# Records supplied
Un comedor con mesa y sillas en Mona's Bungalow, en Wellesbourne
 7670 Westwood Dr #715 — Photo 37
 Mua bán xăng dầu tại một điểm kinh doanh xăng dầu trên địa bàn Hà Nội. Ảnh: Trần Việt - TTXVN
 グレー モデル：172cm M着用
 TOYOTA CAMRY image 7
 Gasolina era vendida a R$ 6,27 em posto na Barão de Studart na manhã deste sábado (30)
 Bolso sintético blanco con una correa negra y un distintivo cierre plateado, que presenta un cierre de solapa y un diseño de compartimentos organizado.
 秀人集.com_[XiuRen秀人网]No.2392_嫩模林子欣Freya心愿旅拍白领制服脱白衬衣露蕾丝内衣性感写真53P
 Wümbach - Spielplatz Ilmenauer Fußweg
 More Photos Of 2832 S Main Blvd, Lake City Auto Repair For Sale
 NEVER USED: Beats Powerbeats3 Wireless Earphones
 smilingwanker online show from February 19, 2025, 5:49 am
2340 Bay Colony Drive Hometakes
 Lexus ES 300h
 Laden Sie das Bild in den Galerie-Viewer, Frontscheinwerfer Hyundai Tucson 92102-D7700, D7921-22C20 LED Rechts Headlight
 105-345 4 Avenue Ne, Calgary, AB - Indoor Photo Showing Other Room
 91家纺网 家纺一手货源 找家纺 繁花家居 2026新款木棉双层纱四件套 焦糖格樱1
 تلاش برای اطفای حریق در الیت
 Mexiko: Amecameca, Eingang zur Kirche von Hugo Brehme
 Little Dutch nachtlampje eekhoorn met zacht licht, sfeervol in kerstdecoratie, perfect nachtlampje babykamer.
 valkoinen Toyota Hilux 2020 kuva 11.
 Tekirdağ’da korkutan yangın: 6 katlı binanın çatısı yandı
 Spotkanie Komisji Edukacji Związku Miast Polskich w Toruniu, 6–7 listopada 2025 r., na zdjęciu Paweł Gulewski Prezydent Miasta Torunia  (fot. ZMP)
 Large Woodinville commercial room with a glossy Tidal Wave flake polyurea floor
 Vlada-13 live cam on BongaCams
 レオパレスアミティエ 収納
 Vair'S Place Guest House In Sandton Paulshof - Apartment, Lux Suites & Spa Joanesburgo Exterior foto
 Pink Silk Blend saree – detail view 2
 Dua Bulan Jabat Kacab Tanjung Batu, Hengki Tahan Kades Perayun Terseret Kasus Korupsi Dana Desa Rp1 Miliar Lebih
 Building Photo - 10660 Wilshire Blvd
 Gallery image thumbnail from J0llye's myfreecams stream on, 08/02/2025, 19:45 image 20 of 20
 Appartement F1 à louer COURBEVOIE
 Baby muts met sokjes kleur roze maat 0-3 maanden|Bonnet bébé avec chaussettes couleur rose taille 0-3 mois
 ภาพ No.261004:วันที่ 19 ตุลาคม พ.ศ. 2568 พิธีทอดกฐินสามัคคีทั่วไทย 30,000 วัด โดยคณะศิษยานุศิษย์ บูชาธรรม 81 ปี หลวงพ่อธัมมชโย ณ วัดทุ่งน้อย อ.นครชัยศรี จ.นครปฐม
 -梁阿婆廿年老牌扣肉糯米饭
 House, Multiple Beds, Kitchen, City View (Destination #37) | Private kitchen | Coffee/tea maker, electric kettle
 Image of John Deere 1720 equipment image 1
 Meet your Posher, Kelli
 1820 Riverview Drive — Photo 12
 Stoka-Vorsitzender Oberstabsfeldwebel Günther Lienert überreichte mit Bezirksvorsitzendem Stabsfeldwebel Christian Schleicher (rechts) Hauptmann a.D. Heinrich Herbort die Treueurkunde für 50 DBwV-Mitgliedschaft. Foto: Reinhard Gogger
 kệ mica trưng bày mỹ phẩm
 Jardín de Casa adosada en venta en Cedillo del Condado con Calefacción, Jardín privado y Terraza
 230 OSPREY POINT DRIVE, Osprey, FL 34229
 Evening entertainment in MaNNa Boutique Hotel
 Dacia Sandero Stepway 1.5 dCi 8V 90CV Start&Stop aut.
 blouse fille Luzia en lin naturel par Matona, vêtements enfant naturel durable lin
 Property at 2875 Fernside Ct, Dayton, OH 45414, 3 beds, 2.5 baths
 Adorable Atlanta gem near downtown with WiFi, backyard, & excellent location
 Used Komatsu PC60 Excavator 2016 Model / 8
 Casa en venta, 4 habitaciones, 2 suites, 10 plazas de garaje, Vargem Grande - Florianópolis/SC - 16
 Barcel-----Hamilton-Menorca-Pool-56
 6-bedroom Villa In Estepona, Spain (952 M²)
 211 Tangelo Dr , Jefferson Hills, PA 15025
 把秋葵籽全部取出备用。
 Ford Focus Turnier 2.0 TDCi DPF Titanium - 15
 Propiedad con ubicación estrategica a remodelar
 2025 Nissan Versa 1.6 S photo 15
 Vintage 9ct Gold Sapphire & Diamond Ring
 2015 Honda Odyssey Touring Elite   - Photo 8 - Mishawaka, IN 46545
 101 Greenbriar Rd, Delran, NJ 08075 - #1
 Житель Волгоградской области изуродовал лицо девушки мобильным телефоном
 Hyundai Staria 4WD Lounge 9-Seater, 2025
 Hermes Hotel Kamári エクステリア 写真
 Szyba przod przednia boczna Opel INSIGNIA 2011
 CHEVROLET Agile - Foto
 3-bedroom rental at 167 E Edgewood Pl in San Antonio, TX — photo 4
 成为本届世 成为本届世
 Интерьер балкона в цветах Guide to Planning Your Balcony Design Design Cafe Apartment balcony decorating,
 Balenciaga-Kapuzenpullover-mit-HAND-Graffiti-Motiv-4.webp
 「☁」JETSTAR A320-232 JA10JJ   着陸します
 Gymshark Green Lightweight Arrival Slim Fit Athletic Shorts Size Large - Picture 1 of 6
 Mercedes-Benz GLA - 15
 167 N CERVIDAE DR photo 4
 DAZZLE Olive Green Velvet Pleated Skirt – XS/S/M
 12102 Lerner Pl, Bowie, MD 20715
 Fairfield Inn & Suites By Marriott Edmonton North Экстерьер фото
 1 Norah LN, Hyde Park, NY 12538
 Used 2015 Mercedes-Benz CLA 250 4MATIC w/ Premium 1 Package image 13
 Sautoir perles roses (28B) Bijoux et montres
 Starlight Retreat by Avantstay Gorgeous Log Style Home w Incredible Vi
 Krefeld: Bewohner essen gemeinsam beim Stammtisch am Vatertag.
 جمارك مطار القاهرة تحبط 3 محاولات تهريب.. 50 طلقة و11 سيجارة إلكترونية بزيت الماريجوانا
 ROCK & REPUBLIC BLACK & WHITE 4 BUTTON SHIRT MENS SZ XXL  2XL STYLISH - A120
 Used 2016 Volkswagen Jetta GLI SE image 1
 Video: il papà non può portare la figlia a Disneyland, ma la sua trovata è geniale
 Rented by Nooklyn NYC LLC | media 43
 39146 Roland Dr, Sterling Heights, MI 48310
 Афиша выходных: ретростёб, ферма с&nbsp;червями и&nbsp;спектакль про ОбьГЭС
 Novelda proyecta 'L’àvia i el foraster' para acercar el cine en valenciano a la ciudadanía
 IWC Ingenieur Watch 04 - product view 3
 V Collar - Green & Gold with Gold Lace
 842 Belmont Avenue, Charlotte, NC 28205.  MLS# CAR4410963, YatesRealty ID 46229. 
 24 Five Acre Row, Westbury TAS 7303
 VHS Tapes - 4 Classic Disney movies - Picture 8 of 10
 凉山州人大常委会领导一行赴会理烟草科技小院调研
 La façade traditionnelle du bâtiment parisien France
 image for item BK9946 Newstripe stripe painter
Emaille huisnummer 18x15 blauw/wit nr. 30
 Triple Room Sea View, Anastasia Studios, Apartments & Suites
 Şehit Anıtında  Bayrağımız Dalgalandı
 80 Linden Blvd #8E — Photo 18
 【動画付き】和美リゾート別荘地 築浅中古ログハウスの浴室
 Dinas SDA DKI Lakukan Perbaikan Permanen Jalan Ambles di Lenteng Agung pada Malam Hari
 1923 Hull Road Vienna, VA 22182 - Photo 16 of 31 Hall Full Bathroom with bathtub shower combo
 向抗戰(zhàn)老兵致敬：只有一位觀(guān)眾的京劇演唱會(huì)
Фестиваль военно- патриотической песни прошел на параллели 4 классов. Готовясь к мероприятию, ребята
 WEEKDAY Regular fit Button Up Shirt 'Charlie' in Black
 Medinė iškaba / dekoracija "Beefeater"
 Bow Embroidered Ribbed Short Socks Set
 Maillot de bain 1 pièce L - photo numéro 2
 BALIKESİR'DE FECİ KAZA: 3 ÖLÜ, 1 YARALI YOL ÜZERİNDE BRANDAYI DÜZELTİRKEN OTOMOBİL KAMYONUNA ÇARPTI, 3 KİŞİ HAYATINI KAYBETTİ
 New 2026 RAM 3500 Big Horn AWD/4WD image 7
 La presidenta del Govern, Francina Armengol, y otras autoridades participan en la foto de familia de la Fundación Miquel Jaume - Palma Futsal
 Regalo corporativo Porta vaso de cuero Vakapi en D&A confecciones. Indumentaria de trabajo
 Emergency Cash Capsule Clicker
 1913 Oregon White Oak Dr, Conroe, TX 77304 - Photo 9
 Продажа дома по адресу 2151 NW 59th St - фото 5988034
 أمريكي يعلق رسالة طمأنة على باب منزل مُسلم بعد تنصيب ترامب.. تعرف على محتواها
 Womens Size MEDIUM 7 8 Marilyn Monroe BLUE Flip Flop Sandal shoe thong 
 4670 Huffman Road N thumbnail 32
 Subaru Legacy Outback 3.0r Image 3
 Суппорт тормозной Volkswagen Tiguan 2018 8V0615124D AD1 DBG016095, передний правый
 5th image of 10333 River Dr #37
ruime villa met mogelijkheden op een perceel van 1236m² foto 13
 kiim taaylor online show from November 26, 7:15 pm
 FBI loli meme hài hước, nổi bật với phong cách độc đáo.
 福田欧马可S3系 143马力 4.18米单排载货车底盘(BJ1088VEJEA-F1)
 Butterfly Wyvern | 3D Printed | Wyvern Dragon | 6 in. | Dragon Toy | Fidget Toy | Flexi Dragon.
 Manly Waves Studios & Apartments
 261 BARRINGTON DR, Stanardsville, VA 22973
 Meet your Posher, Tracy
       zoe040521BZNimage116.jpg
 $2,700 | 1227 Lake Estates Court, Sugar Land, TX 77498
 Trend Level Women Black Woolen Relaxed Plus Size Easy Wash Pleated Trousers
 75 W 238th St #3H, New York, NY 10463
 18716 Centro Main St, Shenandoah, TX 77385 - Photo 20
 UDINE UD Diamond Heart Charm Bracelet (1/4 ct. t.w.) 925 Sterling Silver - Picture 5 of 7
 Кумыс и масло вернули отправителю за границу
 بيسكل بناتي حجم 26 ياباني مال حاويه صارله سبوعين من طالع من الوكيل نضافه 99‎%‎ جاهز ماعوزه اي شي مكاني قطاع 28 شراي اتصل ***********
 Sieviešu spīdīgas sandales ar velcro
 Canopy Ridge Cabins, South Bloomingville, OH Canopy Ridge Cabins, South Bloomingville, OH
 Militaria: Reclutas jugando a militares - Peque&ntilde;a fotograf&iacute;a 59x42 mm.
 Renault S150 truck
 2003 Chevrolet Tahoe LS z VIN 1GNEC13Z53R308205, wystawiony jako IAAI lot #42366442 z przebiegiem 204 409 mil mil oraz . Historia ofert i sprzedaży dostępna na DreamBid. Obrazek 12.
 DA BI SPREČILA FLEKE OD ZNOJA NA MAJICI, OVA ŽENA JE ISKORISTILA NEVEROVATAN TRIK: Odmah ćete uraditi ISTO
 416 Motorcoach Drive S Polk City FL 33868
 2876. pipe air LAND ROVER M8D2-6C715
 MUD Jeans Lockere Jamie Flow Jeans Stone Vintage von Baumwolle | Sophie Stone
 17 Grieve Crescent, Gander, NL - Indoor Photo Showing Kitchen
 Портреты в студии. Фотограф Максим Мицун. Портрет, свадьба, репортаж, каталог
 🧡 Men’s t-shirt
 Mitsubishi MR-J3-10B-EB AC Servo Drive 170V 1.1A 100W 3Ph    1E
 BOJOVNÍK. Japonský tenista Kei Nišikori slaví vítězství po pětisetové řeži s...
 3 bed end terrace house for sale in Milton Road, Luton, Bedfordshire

# Task
Please copy the lines in the records above between the one holding "Maillot de bain 1 pièce L - photo numéro 2" and the one holding "New 2026 RAM 3500 Big Horn AWD/4WD image 7", inclusive, exactly and with no other line.

# Output for this exercise
 Maillot de bain 1 pièce L - photo numéro 2
 BALIKESİR'DE FECİ KAZA: 3 ÖLÜ, 1 YARALI YOL ÜZERİNDE BRANDAYI DÜZELTİRKEN OTOMOBİL KAMYONUNA ÇARPTI, 3 KİŞİ HAYATINI KAYBETTİ
 New 2026 RAM 3500 Big Horn AWD/4WD image 7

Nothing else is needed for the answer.